With a big break in the schedule upcoming for Toronto, it’s time to empty the tank. The Maple Leafs will need to dig deep in a back-to-back situation against a rested and red-hot Canucks team on HNIC (7:00 p.m. EST, Sportsnet).
John Klingberg, call-up Bobby McMann, and Ilya Samsonov will all enter the lineup ahead of this clash against the league’s top offense (a whopping 4.54 goals/game, 32.7% on the power play).
Inserting Klingberg against a Canucks team that can readily capitalize on defensive gaffes or any additional time and space afforded in the defensive zone is a bit of a risky play, but Sheldon Keefe appears to want the extra mobility and fresh legs on a back-to-back by inserting Klingberg over Simon Benoit, who has fared well in his three appearances so far (plus-three with zero goals against, eight hits, seven blocked shots, 74% xGF, plus PK duty). There may also be an element of the coaching staff wanting Klingberg to play his way through this rut versus sitting out more games, but it’s not hard to picture this backfiring based on Klingberg’s recent form.
In a tired situation for the Leafs, McMann will hopefully bring a bit more juice up front on what is the best-looking fourth line the team has iced all season with the mix of size and now an additional speed and skill upgrade with McMann over Ryan Reaves. With the team’s third line really starting to gel — bringing lots of pace plus an offensive threat in behind the top six — hopefully, this makes for the most formidable four-line attack the Leafs have iced all season.

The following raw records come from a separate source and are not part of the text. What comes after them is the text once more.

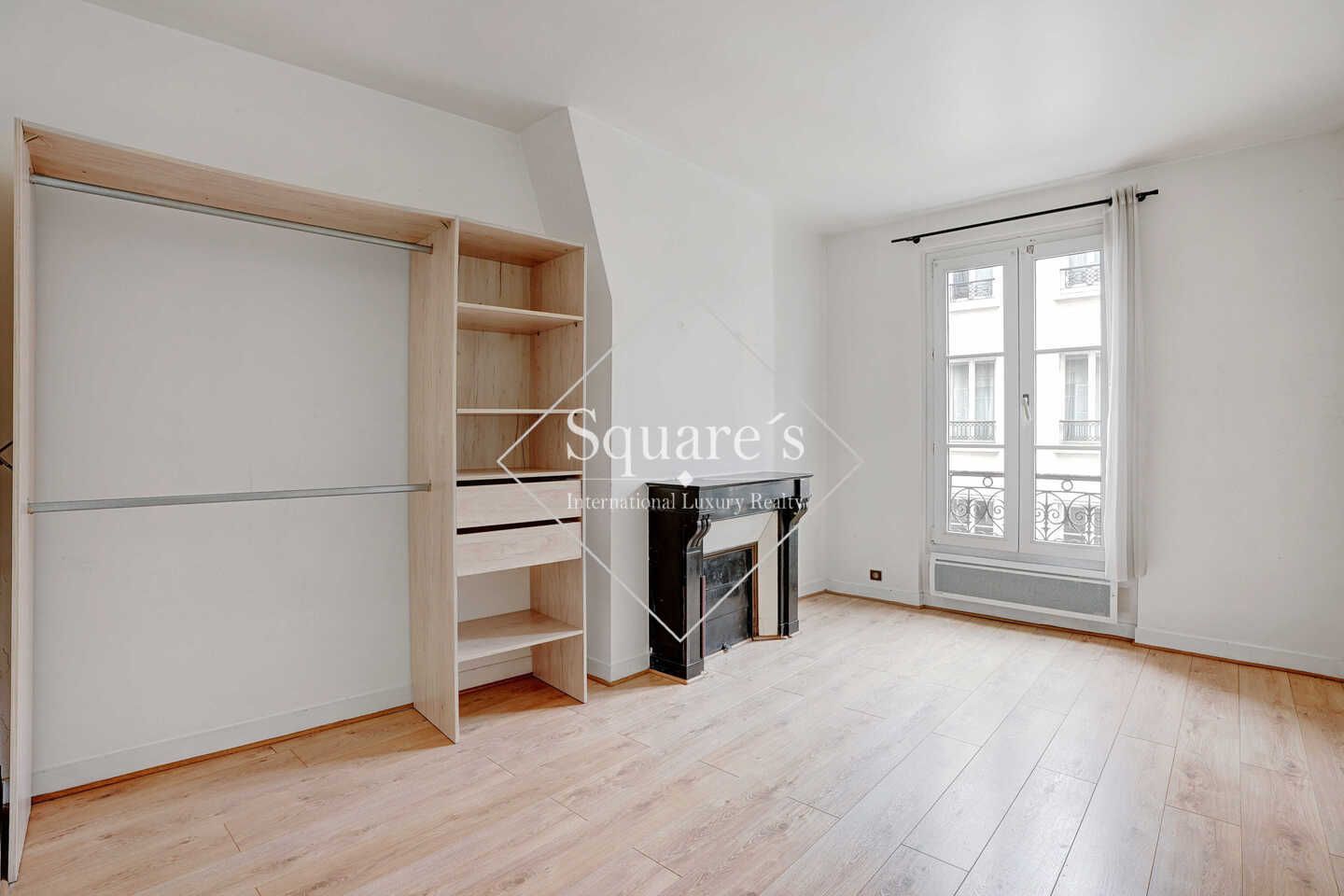 appartement 2 Pièces en vente sur Paris 17ème (75017)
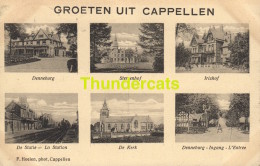 CPA KAPELLEN CAPPELLEN CAPELLEN GROETEN UIT - Kapellen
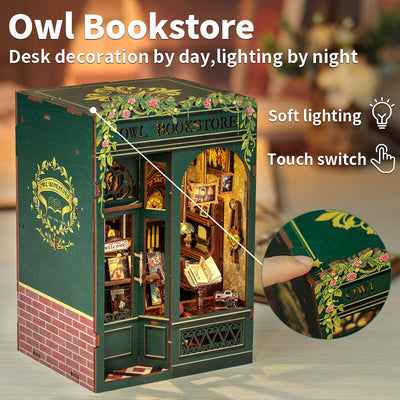 Cutebee Owl Bookstore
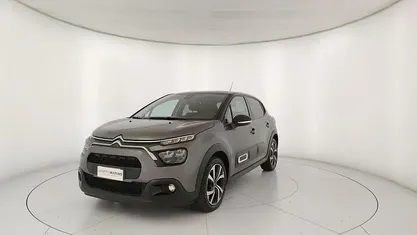 Grigio Usata 2021 Citroën C3 PureTech Due volumi | 11.800 € (Buon prezzo)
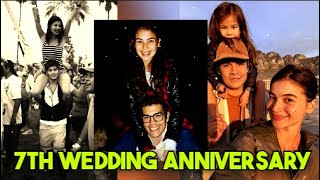 Anne Curtis and Erwan Heussaff Celebrate 7th Wedding Anniversary with Heartfelt Post [upl. by Lenuahs454]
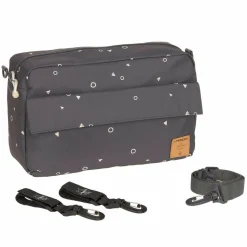Kinderwagentasche Buggy Organizer Bag - Universe Anthracite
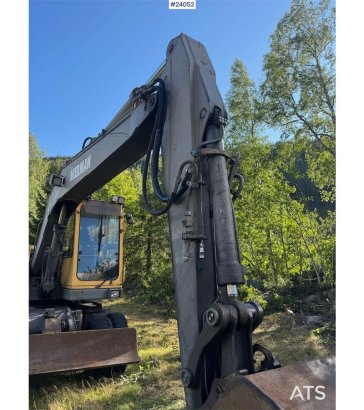 Volvo EW150C Wheeled Excavator EW150C Wheeled Excavator 1996 2 Wheeled Excavators image 4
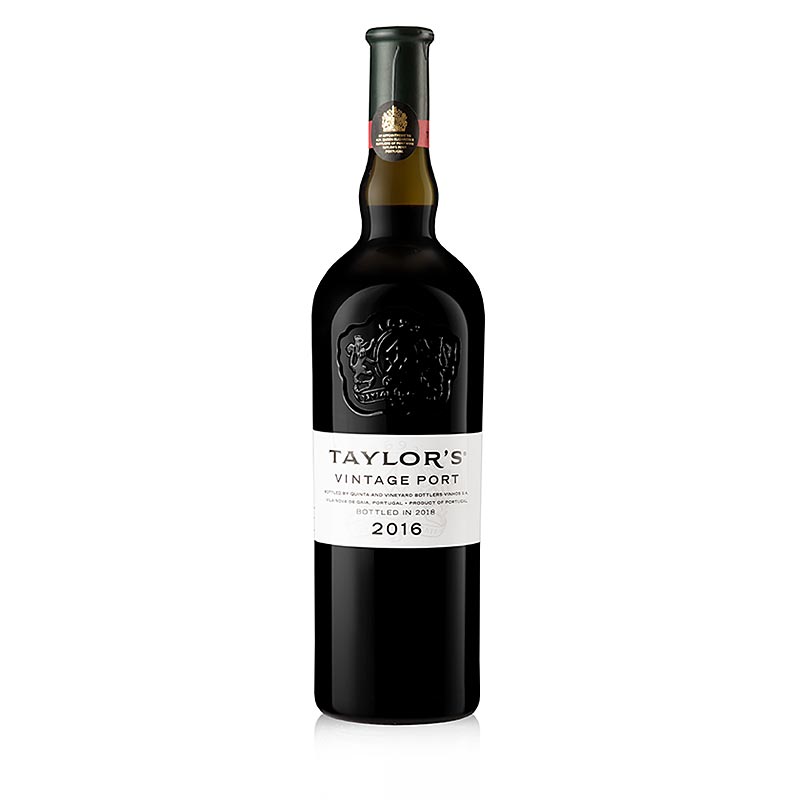 Taylor´s 2016er Vintage Portwein, süß, 20 % vol., 98 WS, 750 ml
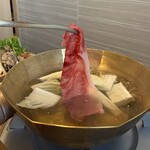 用戶對於しゃぶしゃぶ 吟半 お台場店的評論圖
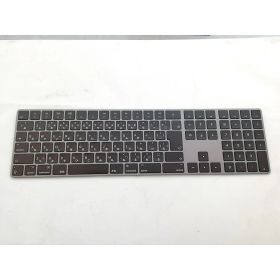 【中古】Apple Magic Keyboard（2018/テンキー付き/A1843） - 日本語（JIS） スペースグレイ MRMH2J/A【秋葉3号】保証期間1週間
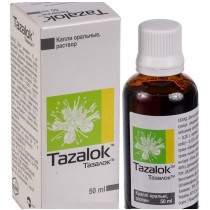 Tazalok oral drops 50ml & 100ml Тазалок Cycle disorders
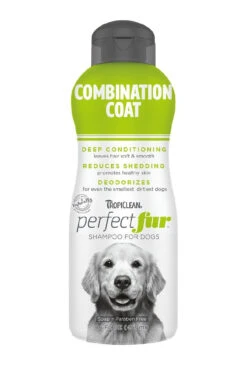 Tropiclean Perfect Fur Combination Coat Shampoo 473ml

They’ll need it against a Canucks team that is both shooting the lights out — outscoring their 44.6% expected goal share at five-on-five by nearly 30% in terms of actual goals for/against (36-14 or 72%) — and has a goaltender in Thatcher Demko that is absolutely cooking with a .948 save percentage.
Game Day Quotes
Sheldon Keefe on the biggest challenge presented by the Vanucks:
Probably just the confidence that they have right now. As a team, they have real belief in what they are doing. Things have gone really well for them. They have earned that.
First, they defend really well. They are getting elite goaltending. It seems everything that they shoot is going in the net.
We have to do all that we can to reduce their opportunities to score because they are really feeling it on offense. It seems like they don’t need a lot of chances to score. Stay out of the penalty box and do a job on the penalty kill because it is an elite power play.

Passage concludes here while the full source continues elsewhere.